Evansville, Ind.-based American General provides loans, like mortgages and personal lines of credit, to consumers in the U.S. and Britain. AGF has about $20 billion in assets, including $18 billion in liabilities (this itself includes $17 billion in debt).
AGF used to be a very profitable business, one banker said. The company provides subprime mortgages for people that walk into its branches. “Before subprime became a dirty word, AGF did a good job of underwriting,” the source says. “It wasn’t a broker-originated business which is what people got into trouble.”
Last week, AGF reported that second quarter operating losses narrowed to $11 million compared to $202 million operating losses in 2009. AIG valued its investment in American General at $2.4 billion. But it’s not clear what Fortress is paying for its 80% stake.
“If Fortress is paying a positive value [for AGF] then it definitely outperformed,” the source says.
News of the sale caused Fitch Ratings to place American General on “ratings watch negative.” Fitch believes that new ownership may seek to reorganize AGF’s business, which may include a restructuring of the firm’s capital structure. Fitch thinks AGF has “sufficient liquidity” to meet its needs over the next two years, according to a statement.
AIG, in 2008, received about $180 billion in a federal bailout. The insurer still owes about $130 billion to U.S. taxpayers, according to press reports.

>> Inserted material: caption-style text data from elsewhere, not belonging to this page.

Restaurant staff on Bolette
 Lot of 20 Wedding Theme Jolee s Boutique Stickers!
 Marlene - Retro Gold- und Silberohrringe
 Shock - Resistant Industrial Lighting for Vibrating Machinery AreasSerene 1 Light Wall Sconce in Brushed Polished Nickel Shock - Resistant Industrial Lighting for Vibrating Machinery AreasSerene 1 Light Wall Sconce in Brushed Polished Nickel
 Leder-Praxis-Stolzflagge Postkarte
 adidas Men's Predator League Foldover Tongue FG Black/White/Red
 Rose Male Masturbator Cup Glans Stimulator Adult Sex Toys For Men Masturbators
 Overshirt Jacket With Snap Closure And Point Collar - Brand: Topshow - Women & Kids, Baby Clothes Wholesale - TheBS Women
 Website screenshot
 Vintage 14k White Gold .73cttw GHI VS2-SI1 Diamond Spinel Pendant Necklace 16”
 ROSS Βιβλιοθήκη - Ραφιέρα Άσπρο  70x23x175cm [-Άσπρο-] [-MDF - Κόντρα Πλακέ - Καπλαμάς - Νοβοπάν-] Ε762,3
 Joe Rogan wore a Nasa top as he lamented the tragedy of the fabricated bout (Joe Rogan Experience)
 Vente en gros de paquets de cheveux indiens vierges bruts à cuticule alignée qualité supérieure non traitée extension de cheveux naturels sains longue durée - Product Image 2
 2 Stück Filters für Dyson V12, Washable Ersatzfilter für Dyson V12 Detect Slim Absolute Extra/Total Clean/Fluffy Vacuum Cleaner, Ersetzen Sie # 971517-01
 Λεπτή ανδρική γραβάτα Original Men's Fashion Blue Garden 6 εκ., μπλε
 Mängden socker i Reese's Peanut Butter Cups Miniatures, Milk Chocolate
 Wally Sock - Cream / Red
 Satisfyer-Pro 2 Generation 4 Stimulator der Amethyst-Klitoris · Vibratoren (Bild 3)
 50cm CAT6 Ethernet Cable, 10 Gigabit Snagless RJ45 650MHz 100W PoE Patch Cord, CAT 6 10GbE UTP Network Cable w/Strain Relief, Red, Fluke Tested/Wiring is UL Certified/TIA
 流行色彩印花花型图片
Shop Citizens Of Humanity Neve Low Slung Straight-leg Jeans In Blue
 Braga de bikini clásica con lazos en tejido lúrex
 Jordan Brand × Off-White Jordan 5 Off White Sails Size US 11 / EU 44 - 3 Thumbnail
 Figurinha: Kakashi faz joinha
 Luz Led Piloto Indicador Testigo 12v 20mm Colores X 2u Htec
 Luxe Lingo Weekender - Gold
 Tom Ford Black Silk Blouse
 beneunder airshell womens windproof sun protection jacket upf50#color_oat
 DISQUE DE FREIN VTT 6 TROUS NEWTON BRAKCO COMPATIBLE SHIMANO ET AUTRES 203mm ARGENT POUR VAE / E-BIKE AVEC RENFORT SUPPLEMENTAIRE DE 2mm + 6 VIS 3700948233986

Private equity has been an buyer of AIG units. Earlier this year, Pacific Century Group, the investment firm from Richard Li, closed its $277 million buy of the former AIG Investments (now called Pinebridge). In April, the Macquarie Group acquired a portfolio of 52 aircraft for about $2 billion from AIG’s International Lease Finance Corp.
Bank of America advised AIG in the sale of AGF. It was not clear who provided financial guidance to Fortress.